TASK INSTRUCTIONS -
In the records that follow, show each line where the word "Pink" is present.

Dataset records -
____
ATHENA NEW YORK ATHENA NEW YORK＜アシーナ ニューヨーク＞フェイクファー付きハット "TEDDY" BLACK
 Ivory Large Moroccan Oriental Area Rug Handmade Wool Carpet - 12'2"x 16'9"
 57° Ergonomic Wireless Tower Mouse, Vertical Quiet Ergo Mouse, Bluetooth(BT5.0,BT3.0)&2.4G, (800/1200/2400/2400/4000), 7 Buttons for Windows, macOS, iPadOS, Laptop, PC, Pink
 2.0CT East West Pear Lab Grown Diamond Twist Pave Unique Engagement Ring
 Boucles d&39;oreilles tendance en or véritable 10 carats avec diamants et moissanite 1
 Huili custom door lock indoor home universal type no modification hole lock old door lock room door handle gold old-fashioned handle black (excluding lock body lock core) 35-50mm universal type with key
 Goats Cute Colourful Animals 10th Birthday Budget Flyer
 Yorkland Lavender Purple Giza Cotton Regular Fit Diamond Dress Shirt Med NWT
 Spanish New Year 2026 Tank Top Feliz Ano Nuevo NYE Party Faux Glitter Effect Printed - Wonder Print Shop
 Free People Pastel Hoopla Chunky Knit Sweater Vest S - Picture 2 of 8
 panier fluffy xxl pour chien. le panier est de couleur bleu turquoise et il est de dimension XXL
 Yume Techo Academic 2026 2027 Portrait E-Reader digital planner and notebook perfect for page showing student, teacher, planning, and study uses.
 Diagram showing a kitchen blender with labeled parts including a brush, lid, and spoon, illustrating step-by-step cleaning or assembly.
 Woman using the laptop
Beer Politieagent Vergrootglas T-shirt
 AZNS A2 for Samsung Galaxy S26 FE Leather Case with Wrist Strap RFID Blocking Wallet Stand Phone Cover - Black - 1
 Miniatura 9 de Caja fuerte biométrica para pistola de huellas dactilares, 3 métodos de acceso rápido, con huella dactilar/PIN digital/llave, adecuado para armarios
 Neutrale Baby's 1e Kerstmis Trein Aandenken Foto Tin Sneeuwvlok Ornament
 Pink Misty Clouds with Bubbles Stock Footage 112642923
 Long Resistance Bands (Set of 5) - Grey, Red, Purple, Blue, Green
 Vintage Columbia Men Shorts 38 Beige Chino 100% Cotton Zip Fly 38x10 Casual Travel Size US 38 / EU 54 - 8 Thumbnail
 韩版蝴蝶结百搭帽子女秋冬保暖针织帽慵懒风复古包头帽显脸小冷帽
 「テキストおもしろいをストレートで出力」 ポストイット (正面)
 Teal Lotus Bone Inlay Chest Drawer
____
ANSWER SECTION -
 57° Ergonomic Wireless Tower Mouse, Vertical Quiet Ergo Mouse, Bluetooth(BT5.0,BT3.0)&2.4G, (800/1200/2400/2400/4000), 7 Buttons for Windows, macOS, iPadOS, Laptop, PC, Pink
 Pink Misty Clouds with Bubbles Stock Footage 112642923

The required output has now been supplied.